Early prognostic and predictive models

In 2004, Gill et al. used 3,302 patients from the same 7 adjuvant trials as those analyzed by Sargent et al. (11) to determine whether several different patient and disease factors were prognostic for 5-year DFS or 5-year OS, or predictive of benefit from FU-based regimens (14). It was found that nodal status, tumor stage, and grade were independently prognostic for both DFS and OS, while age was significant only for OS. Treatment benefit was consistent across age, sex, tumor location and stage, and tumor grade, while a significant stage-by-treatment interaction indicated greater benefit of adjuvant therapy for stage III than stage II patients. These early clinical prediction models or “nomograms” were then implemented as calculators (collectively named Numeracy) for clinical use on Mayo Clinic’s website; in 2014, they were replaced by updated calculators derived from ACCENT as described later in this section.

DFS as surrogate for OS

As adjuvant therapy has become increasingly effective, and post-recurrent survival has also been lengthened, the need for an earlier endpoint for adjuvant therapy finally became clear. In 2003, the ACCENT group pursued an analysis to examine whether DFS could be formally validated as a surrogate endpoint for OS and then subsequently replace OS as a primary endpoint in future adjuvant colon cancer trials. In 2005, ACCENT confirmed that DFS with median of 3-year follow-up was an appropriate surrogate endpoint for OS with median of 5-year follow-up, according to a robust set of multi-trial surrogacy analyses that remain the standard analytic approach today (1,15).
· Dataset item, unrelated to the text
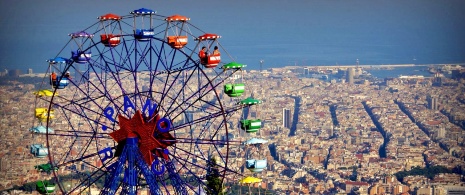 Roda gigante do Tibidabo com Barcelona ao fundo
In 2007, Sargent et al. expanded their 2005 results by investigating whether DFS with 1- or 2-year follow-up could serve as potential surrogates for OS with 5-year follow-up, in addition to quantifying the dependency of DFS’s surrogacy on stage of disease (16). Using the 18 original ACCENT trials, the authors found that DFS with less than 3-year follow-up proved to be less accurate in predicting OS than the previously validated surrogate endpoint of DFS with 3-year follow up, and furthermore, the DFS-OS surrogacy association was stronger for stage III than stage II disease. The latter finding suggested that use of DFS as a surrogate for OS is most appropriate in trials comprised mostly or entirely of stage III patients.

Survival following recurrence

By the early 2000s, it was noted that the average time from patient recurrence to death had lengthened, which was often attributed to availability of post-recurrence regimens and other therapeutic options. This interest in post-recurrence survival prompted the ACCENT group to identify specific factors influencing length of survival following recurrence. In 2008, O’Connell and colleagues utilized a subset of approximately 33% of ACCENT patients with documented recurrence to investigate the impact of patient age, time to initial recurrence, disease stage (II vs. III), receipt of adjuvant treatment (FU-based vs. surgery alone), and year of enrollment on length of subsequent survival (17). All of the factors investigated were significant predictors of post-recurrence survival with the interesting biologic findings that patients with initial stage II disease live longer after recurrence than patients with initial stage III disease, suggests a different disease biology by stage.

In a parallel analysis involving newer therapies that had been found to prolong survival time beyond recurrence, de Gramont et al. used patient-level data from ACCENT to simulate the impact of longer survival post-recurrence on the strength of surrogacy of DFS for OS (18). These authors found that lengthened post-recurrence survival weakens the previously validated surrogacy relationship, while surrogacy of DFS strengthened with increased (>5 years) follow-up on OS, therefore maintaining support for the use of DFS as a primary endpoint in modern adjuvant chemotherapy trials.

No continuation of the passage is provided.